The pursuit of bliss and collective transcendence was also the basis of your creative work in Les jolies choses. How have you approached it this time?
Besides the relationship to the apparatus of show business, performance, and virtuosity, there was indeed a desire for transcendence at the level of the performers’ state of mind in Les jolies choses. We sought this transcendence through the repetition of the gestural mantra and the demands of the score, which naturally produced a detachment from the real. But it all remained very abstract. In ODE, there is once again the idea of a choir and a dangerous score, but we apply it in a much more honest and direct way, through the repetition of a kind of vocal mantra. We drew inspiration from self-help groups, who perform various rituals to expel and expunge obstacles of different kinds. I like to think of ODE as a show that exists at the intersection of rock concerts, pagan rituals, and self-help groups. We’re particularly interested in the phenomenon of self-possession within a collective fantasy. There’s also a connection to be made between religious mania and entertainment mania.
In exploring the relationship with spectacle, which fascinates and appeals while also repelling and troubling the viewer, ODE seems to be on the verge of overthrowing something. What is it?
My current work continues to explore the question of illusion, but this time through the lens of ecstasy or captivation, which you can experience at a rock concert just as in a pagan procession or a self-help ritual.
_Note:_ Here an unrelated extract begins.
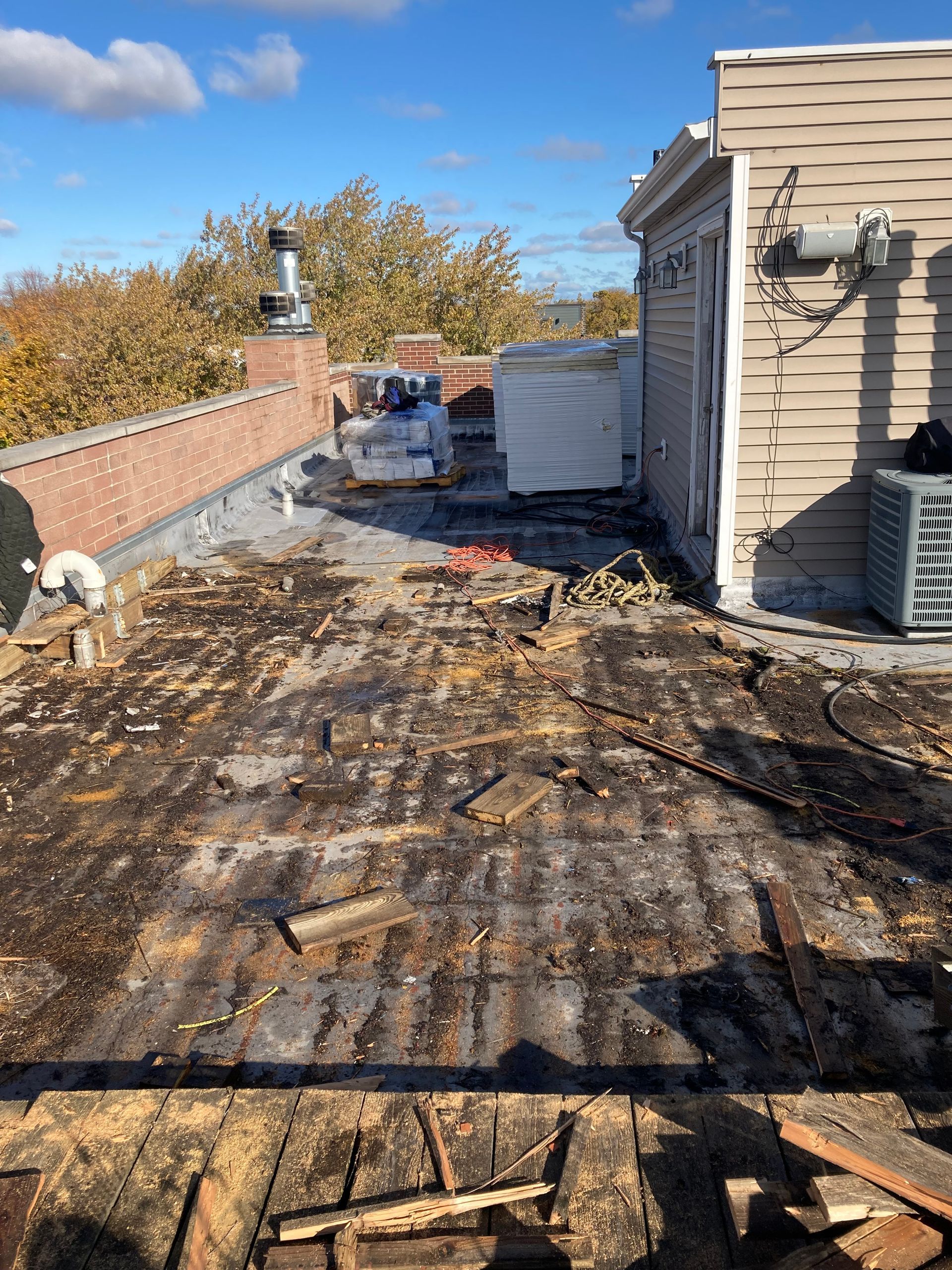 Rooftop with damaged wood surface, materials, and a brick chimney under a blue sky.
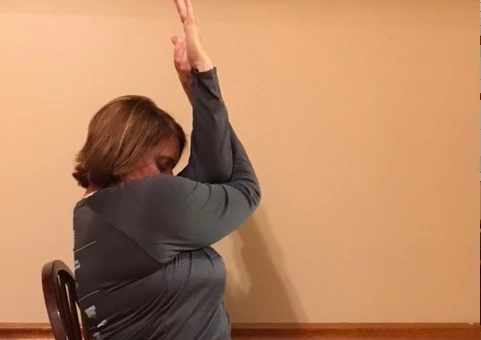 Woman practicing yoga for neck and shoulder pain, in Eagle Arms pose (Garudasana) with Chin Tilt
ODE is an exploration of the attentional capacities emerging at the margins of this phenomenon. I’m asking myself in particular how to play with the mechanisms of fascination to maintain attention—and tension—in order to reveal the game happening below the surface, and also what must be sacrificed for the game to continue. I wonder how you become “possessed” by a proposition to the point where subconscious feelings or images appear in your conscious mind. It’s paradoxical, because attention operates via alienation, but attention can also thwart alienation. I’m asking myself how to perform a reversal in that area.
What is the symbolic sacrifice you mention?
I’m still figuring that out. But I know that for this apparent harmony to occur, there must be sacrifices. There has to be something or someone who pays the price. It could be the truth, a person, a community, an object, a scapegoat. Order must be re-established through a sacrificial rite, whether abstract or concrete. At the moment, I’m wondering how to knock down or undermine the false pretenses underlying the image of perfection within a sentimental aesthetic.